===== Record extracts
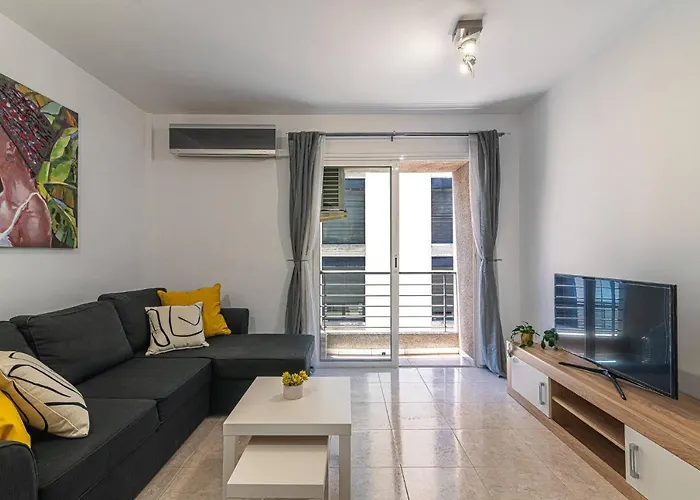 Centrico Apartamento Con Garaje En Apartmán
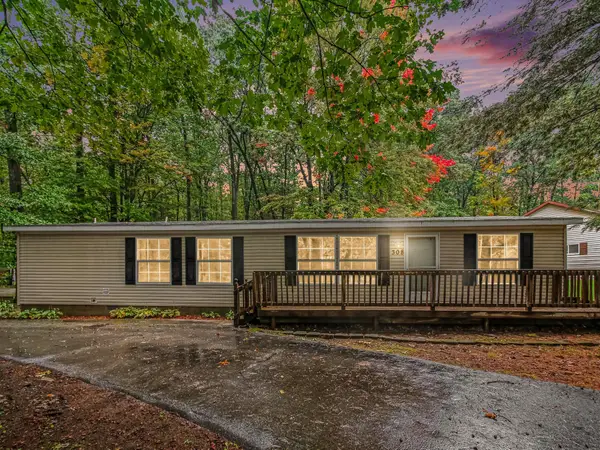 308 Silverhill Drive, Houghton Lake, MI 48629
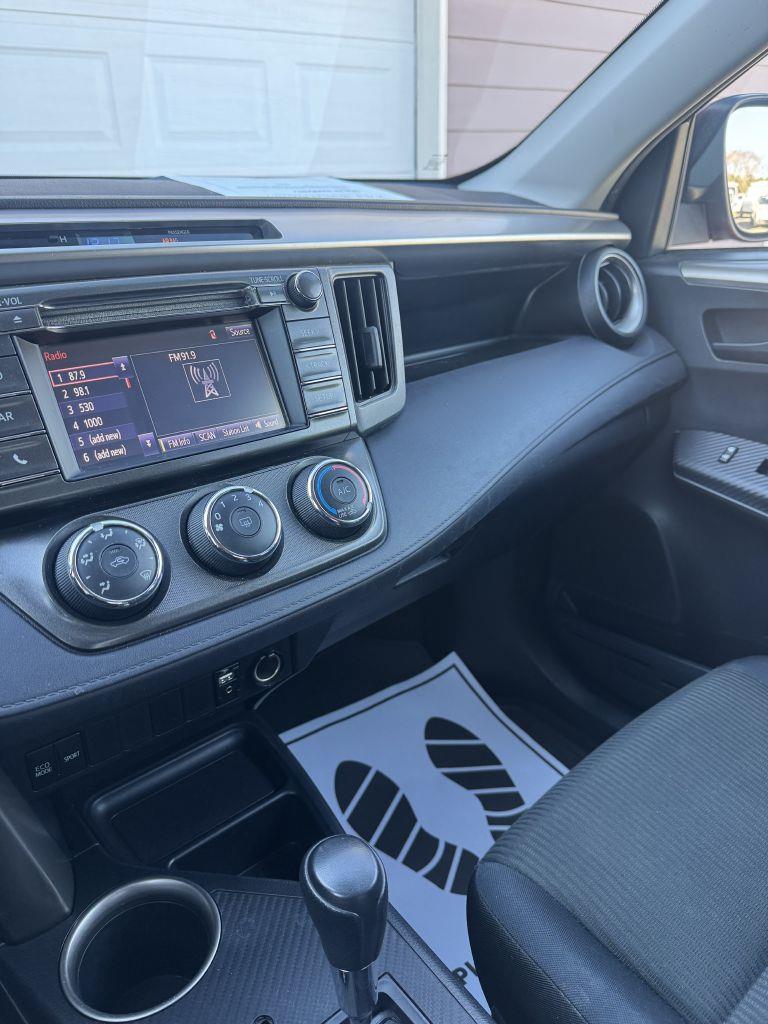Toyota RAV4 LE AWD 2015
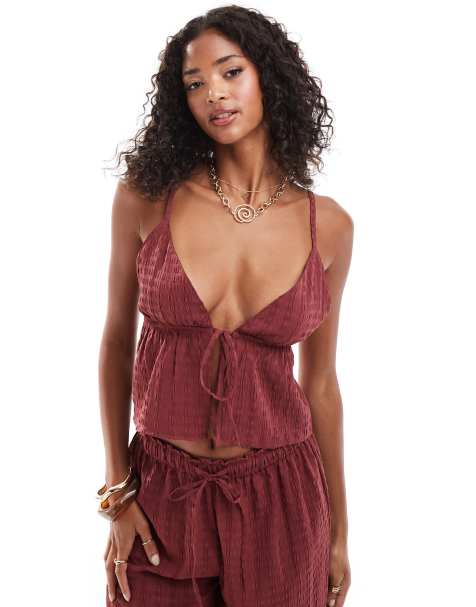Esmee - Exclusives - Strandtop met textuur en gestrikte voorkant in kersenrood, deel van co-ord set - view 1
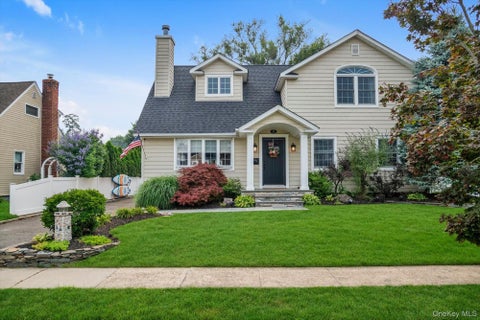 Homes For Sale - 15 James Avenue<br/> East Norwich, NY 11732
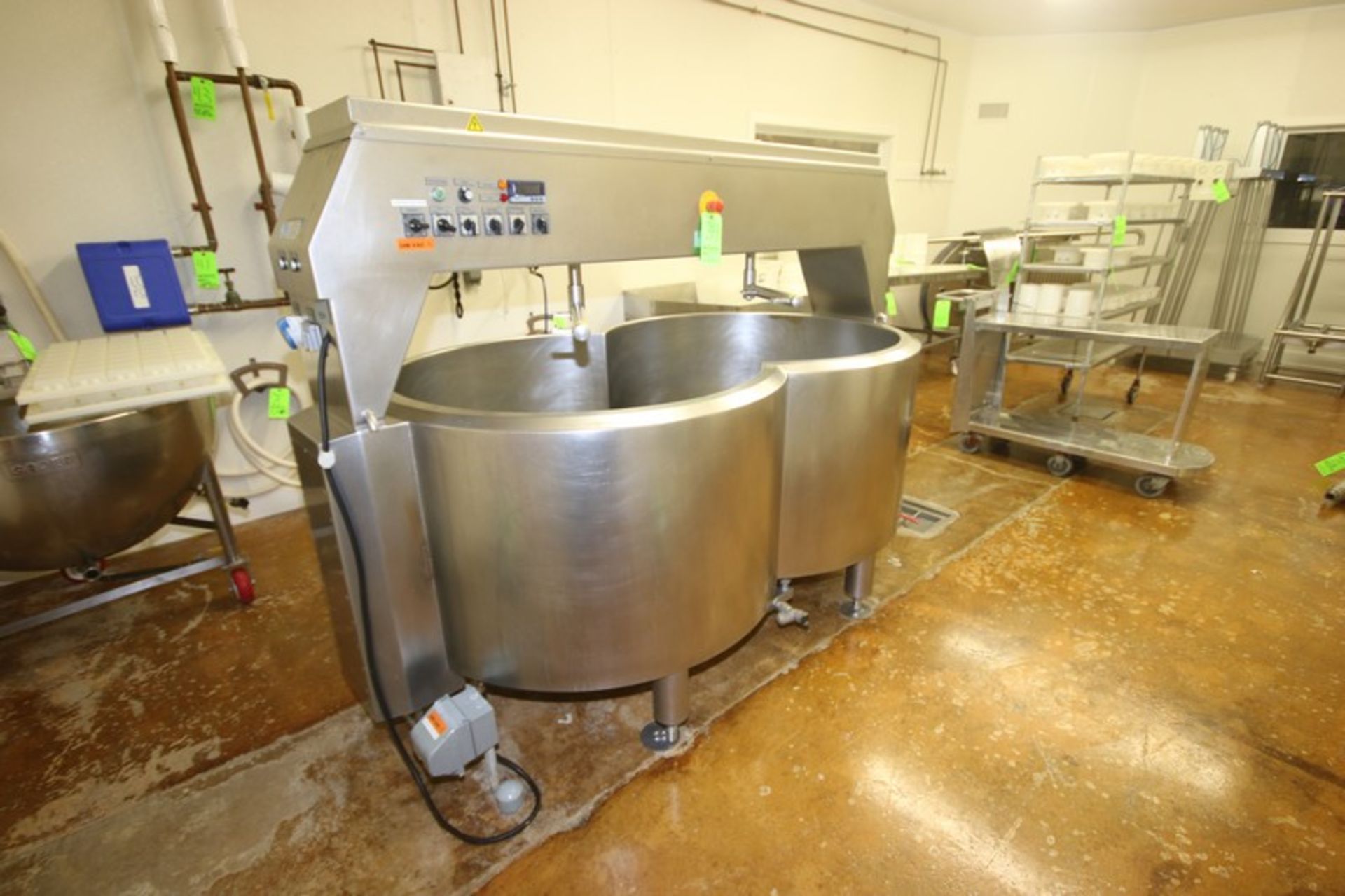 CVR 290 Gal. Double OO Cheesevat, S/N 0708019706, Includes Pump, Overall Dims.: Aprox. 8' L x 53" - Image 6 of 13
==========
Your assignment | For each record above, write out its text exactly and skip any picture.

The answer |
 Centrico Apartamento Con Garaje En Apartmán
 308 Silverhill Drive, Houghton Lake, MI 48629
Toyota RAV4 LE AWD 2015
Esmee - Exclusives - Strandtop met textuur en gestrikte voorkant in kersenrood, deel van co-ord set - view 1
 Homes For Sale - 15 James Avenue<br/> East Norwich, NY 11732
 CVR 290 Gal. Double OO Cheesevat, S/N 0708019706, Includes Pump, Overall Dims.: Aprox. 8' L x 53" - Image 6 of 13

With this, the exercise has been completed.